Keep startup cost low
  • Start by renting the smallest functional processing space you need, not a large factory.
  • Buy one used industrial dehydrator initially instead of two new ones; add the second machine after securing recurring orders.
  • Negotiate with farmers to pay for fruit 7-10 days after you receive it, aligning their payment with your incoming buyer cash.
Licenses & permits
  • Food production license from the relevant local sanitary-epidemiological station.
  • Tax registration as a legal entity or sole entrepreneur.
  • Fire safety inspection certificate for your processing facility.
Equipment
  • Industrial electric dehydrator(s).
  • Commercial fruit slicer/corer.
  • Industrial scale, vacuum sealer, and packaging heat sealer.
  • Basic laboratory tools for moisture and quality testing.
First hires
  • A production assistant for cleaning, slicing, and loading dehydrators.
  • A driver with a van for collecting fruit and delivering finished goods.
Useful background
  • Practical understanding of agriculture and seasonal fruit quality.
  • Experience in negotiation, trading, or B2B sales, preferably in food.
  • Basic administrative skill to manage invoices, payments, and simple quality records.

Risks

  • Fruit prices and quality fluctuate between harvest and off-seasons, which can erase your margin if your sales price is fixed but your input cost rises.
  • Becoming dependent on one or two large buyers is dangerous; if a key client delays payment for 60-90 days, you may not have cash to pay farmers.
  • A critical machine like a dehydrator breaking during peak season can halt production for days, causing missed deadlines and lost buyer trust.

First 12 Months

Launch path
  1. 1Rent a space with reliable water and three-phase power near a fruit-growing region to cut transport costs for raw fruit.
  2. 2Buy essential equipment: two industrial dehydrators, a commercial slicer, a vacuum sealer, and basic quality control tools like a moisture analyzer.
  3. 3Set up supply agreements with 3-5 local orchard owners or a cooperative, agreeing on quality grades and a pricing formula tied to fresh market prices.
  4. 4Obtain basic food safety certification, run test batches, then take physical samples to wholesale buyers at the Baku Wholesale Market and food export offices to secure first orders.

Final Verdict

Final call

This is an attractive opportunity because it addresses a clear supply chain gap for exporters with reliable, processed product.
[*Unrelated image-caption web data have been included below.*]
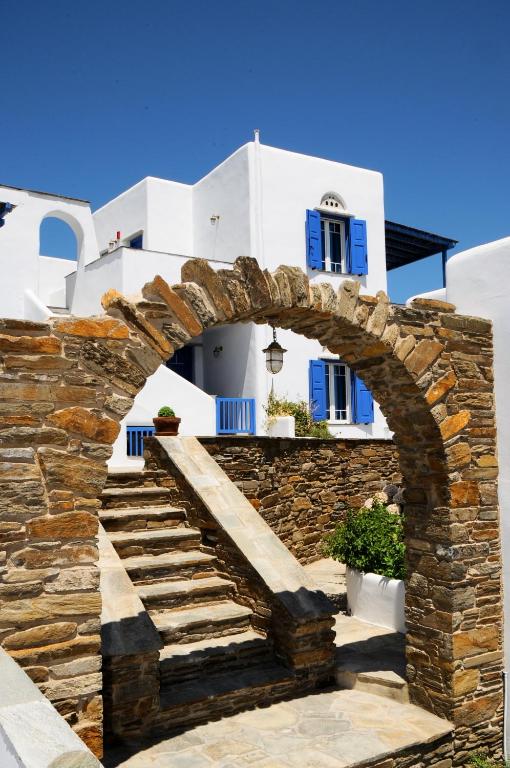 an archway with stairs in front of a white building at Karyatides Homes in Kariá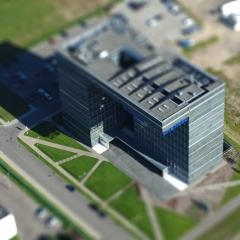 Tumša stikla biroju ēka starp zālieniem un gājēju celiņiem, skatīta no augšas.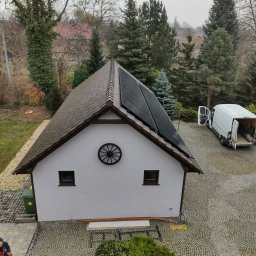 Jar-Mich jarosław Sokołowski Michał Niedźwiecki s.c. - Widok z góry na budynek z zamontowanymi panelami fotowoltaicznymi na dachu, dekoracyjnym kołem na ścianie i zaparkowanym białym vanem z otwartymi drzwiami w tle.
The key risk is margin compression from volatile fruit input costs against fixed-price purchase orders.

Best for

This business needs an operator who is comfortable moving between the farm and the office. You should be good at negotiating prices with farmers, meticulous about consistent product quality, and persistent in following up with buyers for payments. Experience in agriculture, food handling, or wholesale trading is a strong advantage.